Instead, Gen Z sees passion projects as a way to get what the 9-to-5 can’t. And having that side hustle, passion project, or personal brand (sometimes all rolled into one), they’re relying more on patching together a portfolio of jobs that ultimately allows them more flexibility and ultimately more purpose. If you’re stuck grinding in an uncertain economy, you might as well try to enjoy it, right?

So, this only means that the personal brand isn’t going anywhere. It’s here to stay. But the more stuff there is online, the harder it is to break through. The mom-and-pop shops may be dying out, but the solopreneurs and influencers are just getting started.

When we go from being a person to being a brand, everything becomes a business opportunity.

Making friends that want to have those deep conversations about life, the universe and everything else (the answer to which is always 42) that crack you open from the inside have been hard to find as a millennial. 

I’ve mentored other writers and seen them soar in their own craft. I’ve also had wonderful mentors, but I’ve yet to meet a true peer who could also become a friend. Not an acquaintance that demands I show up with small talk at the ready, but a friend who likes to talk and share and just think about the world together. Over snacks and bevvies, or during a long, meandering walk.

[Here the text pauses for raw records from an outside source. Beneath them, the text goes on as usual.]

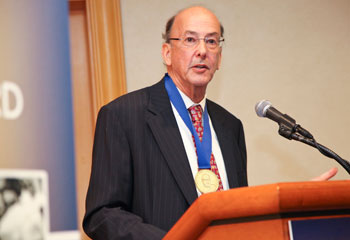 Roger Glass speaks into a microphone at a podium wearing the Sabin Gold Medal around his neck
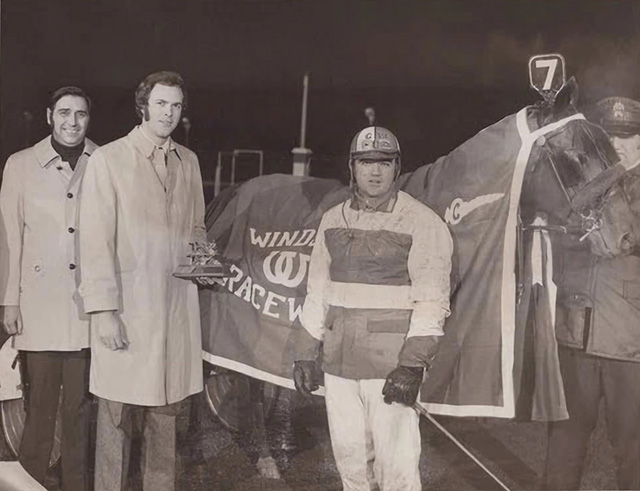 A driver stands in front of a horse in a cooler with two men in coats to the side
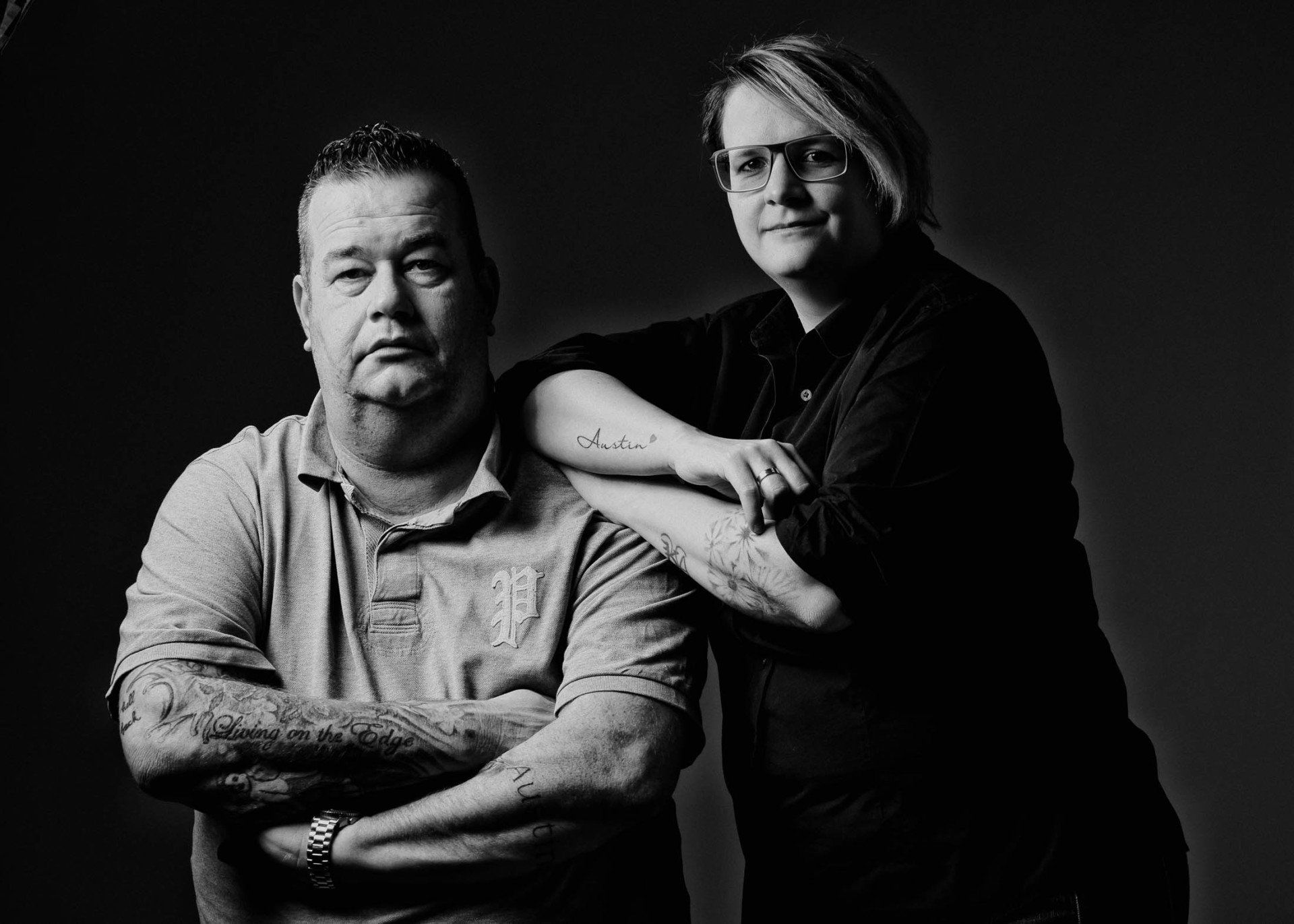 Een man en een vrouw staan naast elkaar met hun armen over elkaar.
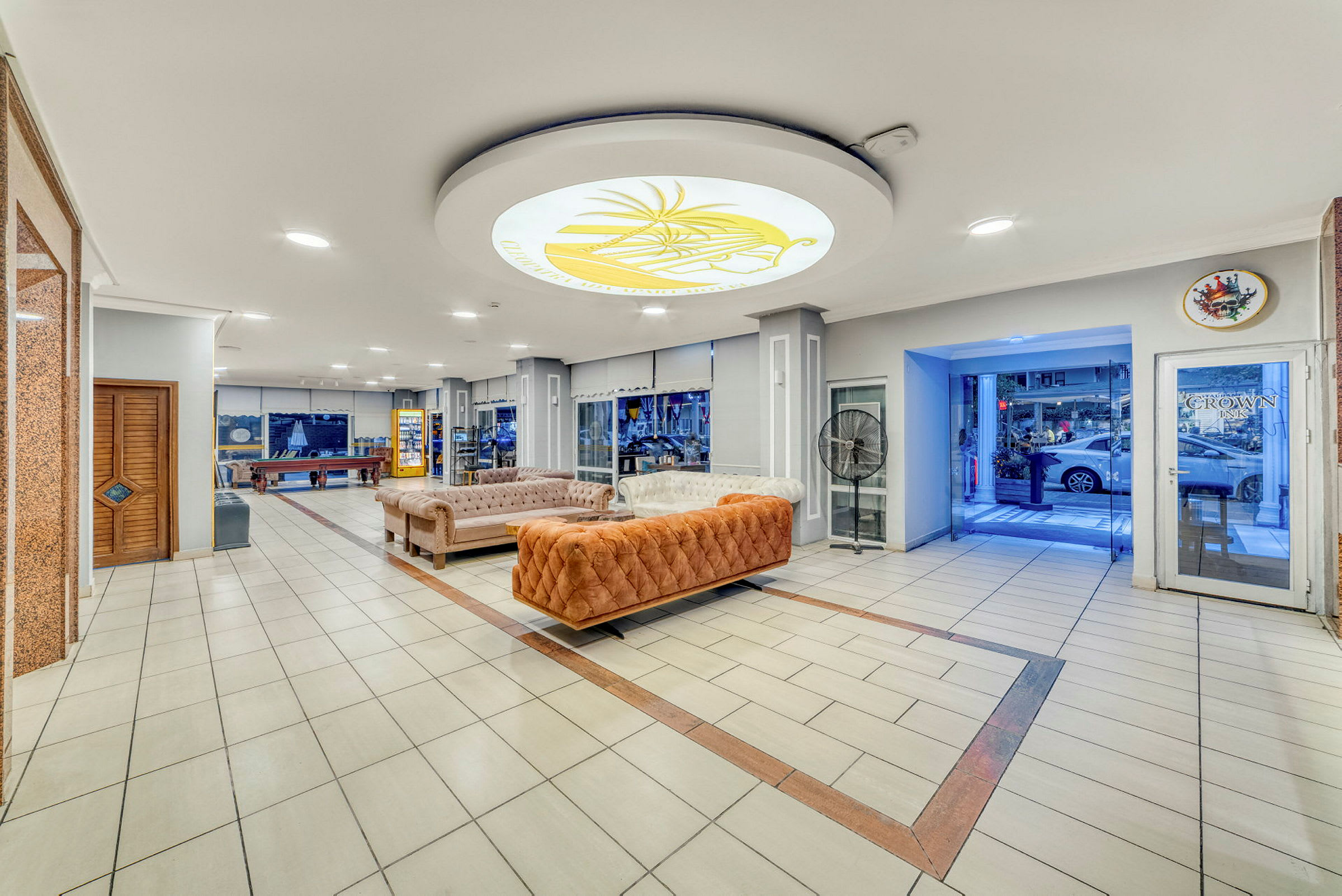 Hotellobby med sofaer, bordspil og en glasindgang. (AI-genereret tekst)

It’s wonderful how being online has given me opportunities to meet people I’d never meet otherwise, but it also means people aren’t grounded to me in the same way as if we met in person. It feels like when I cease to be a good business opportunity, the relationship wanes.

I’m only three ghosty dots on a screen and, as such, easily forgettable.

But the harder we dig into our respective echo chambers, the more disconnected from authentic, long-term connections we become. 

I just want to belong somewhere, have a community. I’ve spent most of my life feeling like I’m looking at other people and relationships from the outside in. My autism gives me super-strength pattern recognition, which makes socialising challenging when it fails to evolve into anything more meaningful than posturing and starting conversations for social clout.

And I’d love to connect to people who don’t disappear when the novelty wears off, brave souls who are out here searching for more meaningful connection. But I don’t know if that’s going to happen. Because as the job market fragments, so does attention. 

And rather than pulling together as a community to deal with the big challenges, we’re digging into our individual, aggressively tailored digital fox holes that only bring us closer to a Matrix-like condition than ever before, finding connection only through the filter of the brand content other people create, rather than raw, unadulterated in-person reactions.

I don’t have an answer for this, other than to find joy where you can. Touch grass and be grateful for the little things in life. If you can do that, you’re well on your way to seeing the glass as half-full. Or, do what I do, escape into fantasy.